En esta semana plagada de informaciones triviales en los medios de comunicación, llamo la atención que algunos de éstos dieran espacio para informar sobre un hecho no menor asociado a los principales resultados de auditorías e investigaciones llevadas a cabo los años 2019 y 2018 por la Contraloría General de la República (CGR). Dicho reporte, consiga más de 13 mil observaciones a entidades públicas, de estas, 8 mil (58%) fueron categorizadas como “altamente complejas” o complejas”, lo que se traduce en «irregularidad asociadas a fondos, probidad, pérdida de recursos, eventuales comisión de delitos, afectación grave al patrimonio, graves debilidades de control, entre otros». Llevado a valor lo observado, las irregularidades alcanzan la escandalosa cifra de 1.300 millones de dólares.
Se hace un sitio común (por ello no menos cierto) la necesidad urgente de realizar una cirugía mayor en el Estado que permita lograr estándares de eficiencia, eficacia y calidad que le permita lograr resultados significativos para la generación de valor público.

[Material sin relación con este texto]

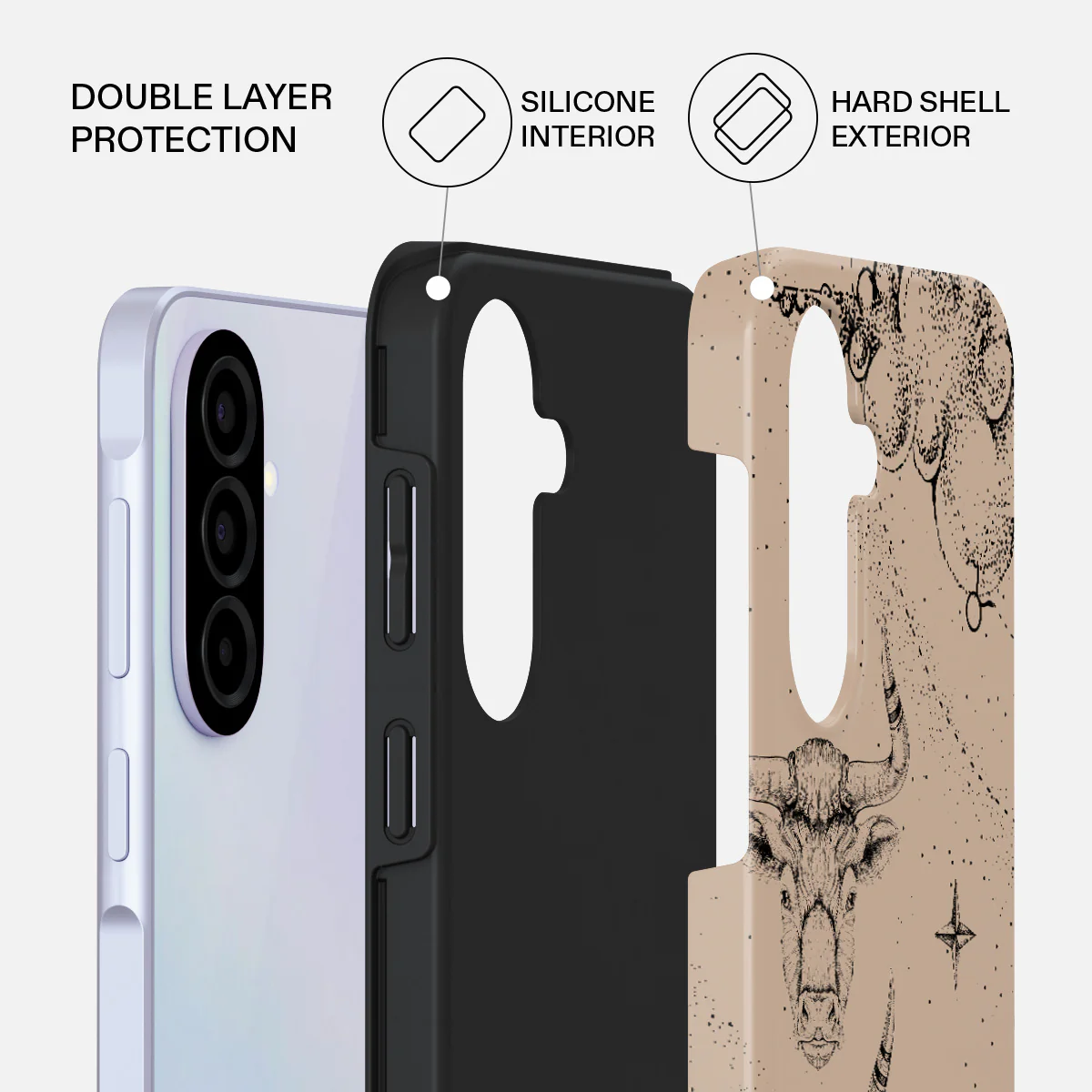 Taurus - Samsung Galaxy A37 5G Case - Image 18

La arquitectura estatal actual está superada por los hechos. Pero la solución, no solo va por el camino de la racionalidad técnica -aspecto que suele concentrar el análisis sobre el tema en sesudos seminarios- o por la alternativa de promulgar baterías legislativas para avanzar hacia un gobierno más abierto y trasparente. Ambos son relevantes, pero pueden ser resultados marginales si no se avanza hacia una cultura de la integridad de la función pública.

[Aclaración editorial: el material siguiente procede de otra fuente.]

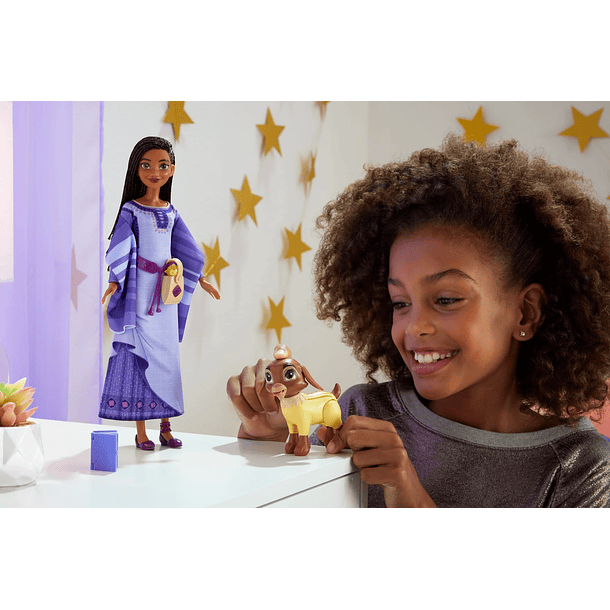 Wish - Pack de Aventuras Asha de Rosas 6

La corrupción asume diversos rostros en la administración del Estado, por ello se requiere respuestas complejas e innovadoras para poder realizar un giro profundo hacia el despliegue de buenas prácticas pro – ética pública. Esto es más que el cumplimiento de las normas básicas que regulan como hacer las cosas; más bien se trata de desplegar sin excepciones valores sustantivos en la gestión pública: la honestidad, la integridad y el cuidado por lo público. Los cuales no solo se
Deben declarar, sino que se obliga a todos a cumplirlos. Se precisa contar –más allá de las fórmulas que hoy existen- con modelos de control interno y de gestión de riesgos en forma similar a los sistemas de compliance que en años recientes se han instalado en organizaciones privadas.
Creo que avanzar hacia una cultura de la integridad en el sector público puede y debe entrar en alianzas estratégicas con el modelo compliance al contar éste con herramientas que permiten establecer mecanismos internos de prevención, gestión, control y reacción frente a la corrupción.